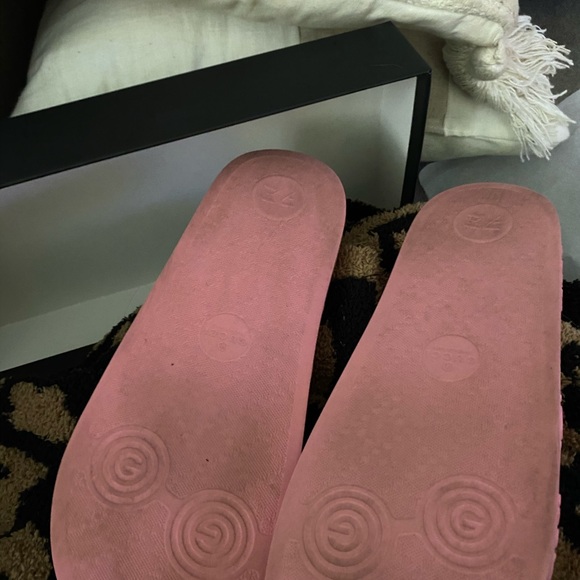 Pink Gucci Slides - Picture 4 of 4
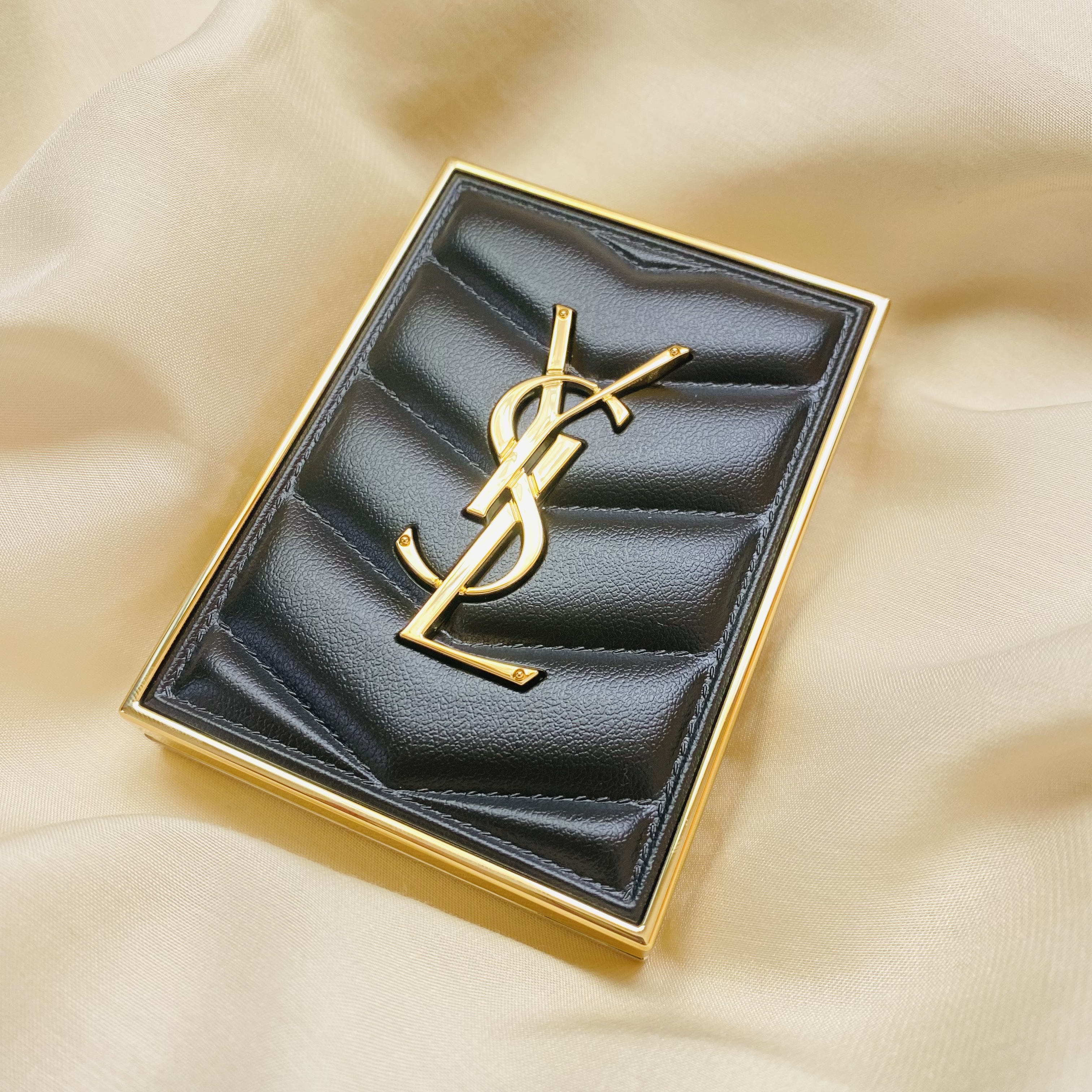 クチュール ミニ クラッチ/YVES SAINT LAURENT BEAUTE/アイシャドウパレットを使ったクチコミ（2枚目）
==
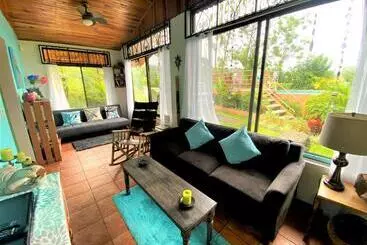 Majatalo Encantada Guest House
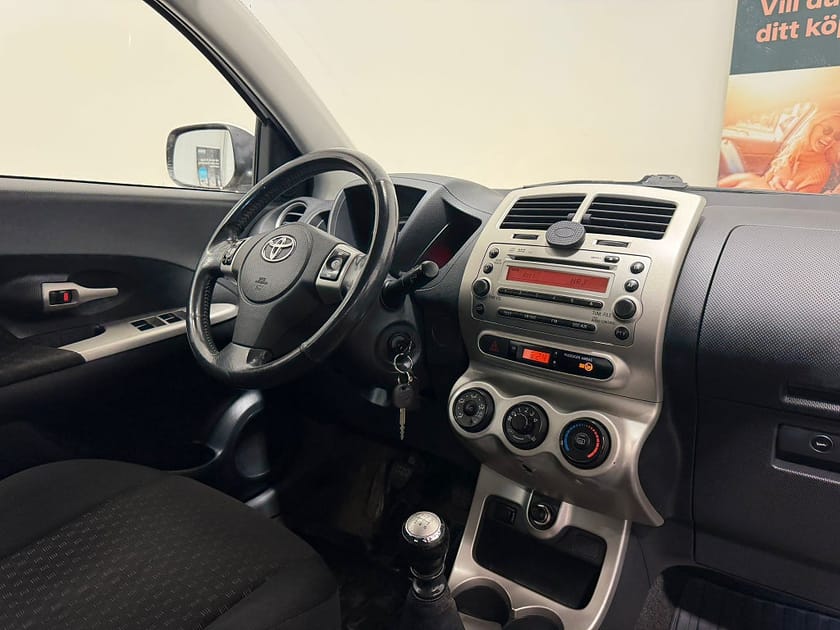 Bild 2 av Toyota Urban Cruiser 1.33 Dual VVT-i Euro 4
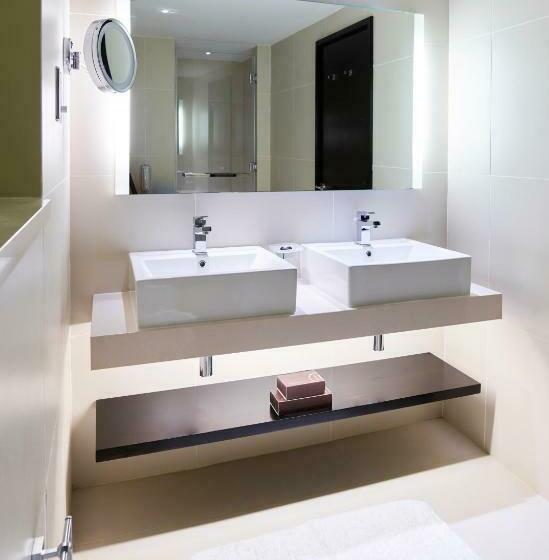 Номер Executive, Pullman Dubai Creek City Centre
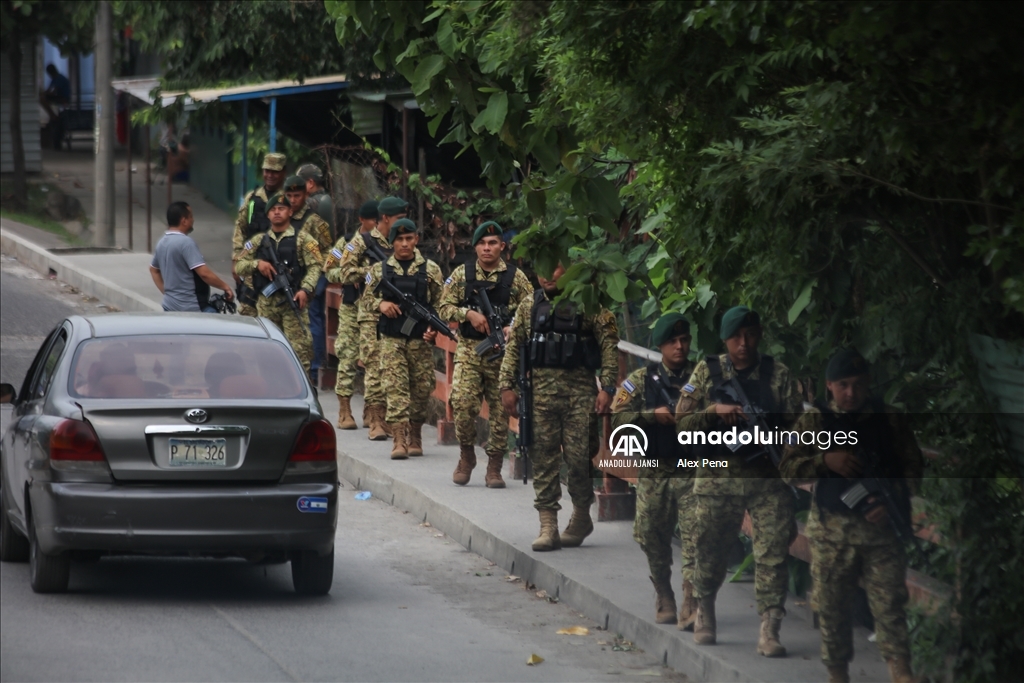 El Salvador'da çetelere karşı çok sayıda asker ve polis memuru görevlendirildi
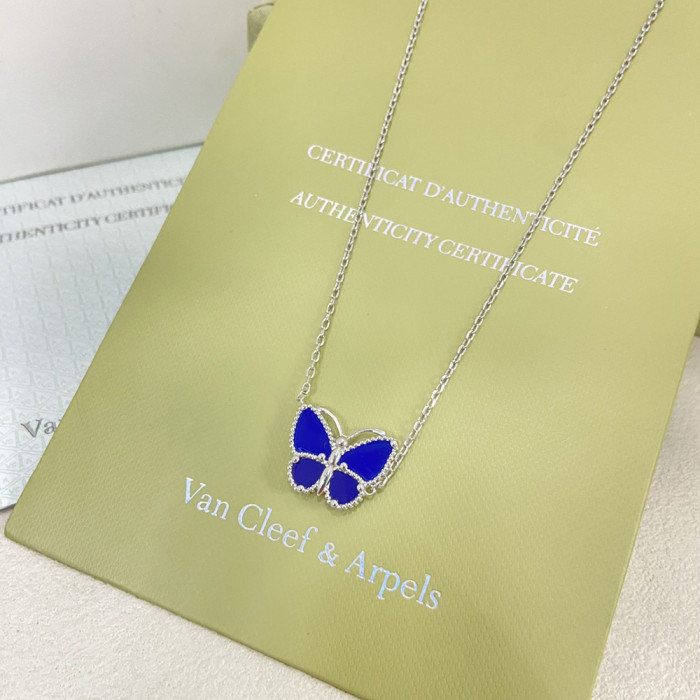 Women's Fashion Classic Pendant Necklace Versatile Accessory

# PROBLEM DESCRIPTION
Skip every picture, and restate word for word only the lines above from the line containing "Bild 2 av Toyota" to the line containing "Women's Fashion Classic", both of them included.

# ANSWER SECTION
 Bild 2 av Toyota Urban Cruiser 1.33 Dual VVT-i Euro 4
 Номер Executive, Pullman Dubai Creek City Centre
 El Salvador'da çetelere karşı çok sayıda asker ve polis memuru görevlendirildi
 Women's Fashion Classic Pendant Necklace Versatile Accessory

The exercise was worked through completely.